Stored items from a collection:
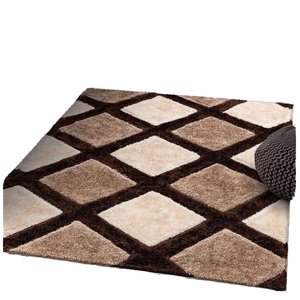 Alfombra Moderna de Lana/Seda Súper Suave de Primera Calidad, Lavable, para Interiores, Sala de Estar, Dormitorio, Estudio - Alfombras de Microfibra - Product Image 1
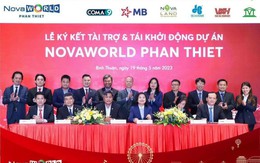 Novaland chính thức tái khởi động dự án NovaWorld Phan Thiết, Xây dựng Hoà Bình cũng "tưng bừng" thông báo sau chuỗi phiên giảm sâu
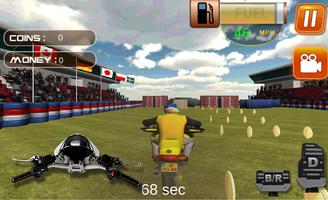 akrobat sepeda pengendara 3D screenshot 3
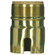3 Piece Solid Brass Shell With Paper Liner; Polished Brass Finish; Pull Chain / Turn Knob With Uno (27|80/2300)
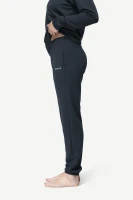 Devold Everyday Pants WMN, kolor: Ink - prezentacja na modelce - bok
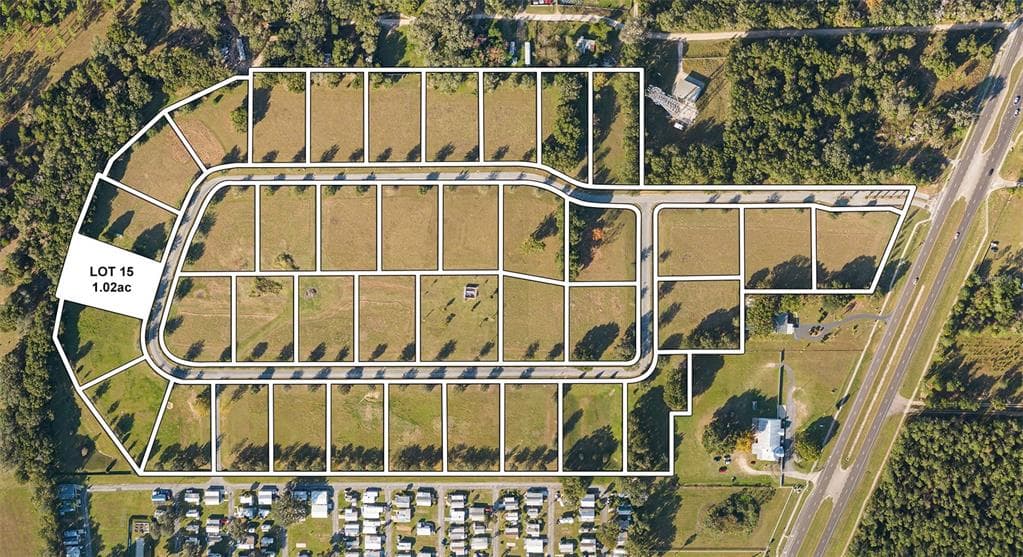 15 HIDDEN VIEW CIRCLE DADE CITY, FL 33523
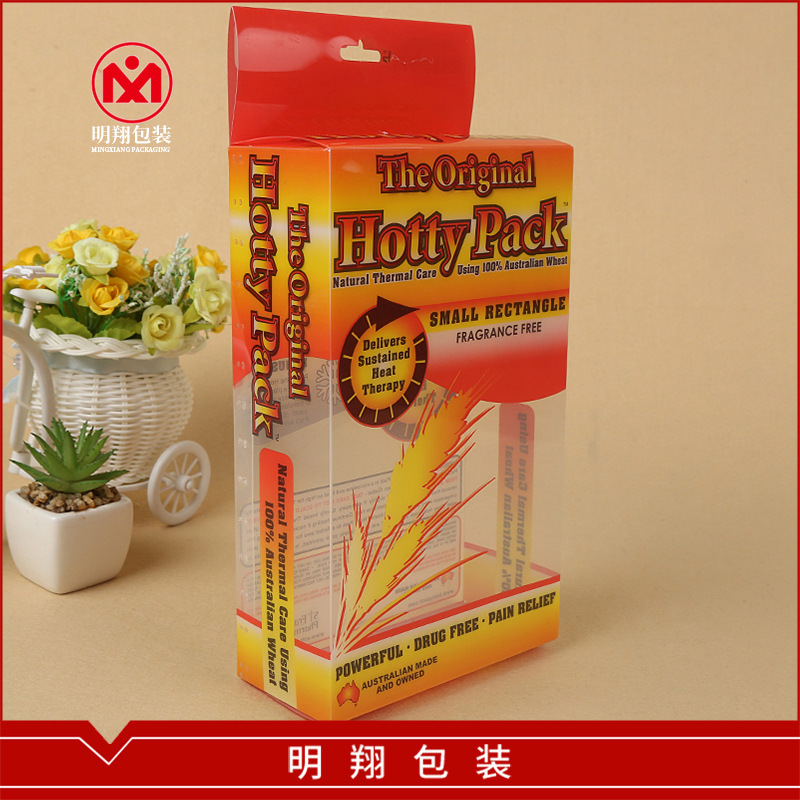 厂家供应精美pvc折盒烫金烫银盒PVC透明包装盒PVC彩盒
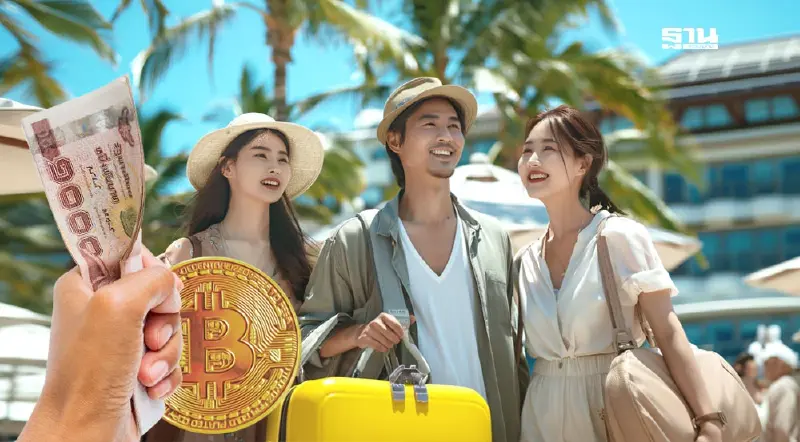 'Tourist DigiPay' เปิดเกมใหม่ ดันไทยสู่ Digital Asset Hub 'Tourist DigiPay' เปิดเกมใหม่ ดันไทยสู่ Digital Asset Hub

* _WORK REQUEST_
Could you repeat, exactly and with nothing else, the lines from the first line of the records through the line containing "3 Piece Solid"? Leave out the pictures.

* _OUTPUT_
 Alfombra Moderna de Lana/Seda Súper Suave de Primera Calidad, Lavable, para Interiores, Sala de Estar, Dormitorio, Estudio - Alfombras de Microfibra - Product Image 1
 Novaland chính thức tái khởi động dự án NovaWorld Phan Thiết, Xây dựng Hoà Bình cũng "tưng bừng" thông báo sau chuỗi phiên giảm sâu
 akrobat sepeda pengendara 3D screenshot 3
3 Piece Solid Brass Shell With Paper Liner; Polished Brass Finish; Pull Chain / Turn Knob With Uno (27|80/2300)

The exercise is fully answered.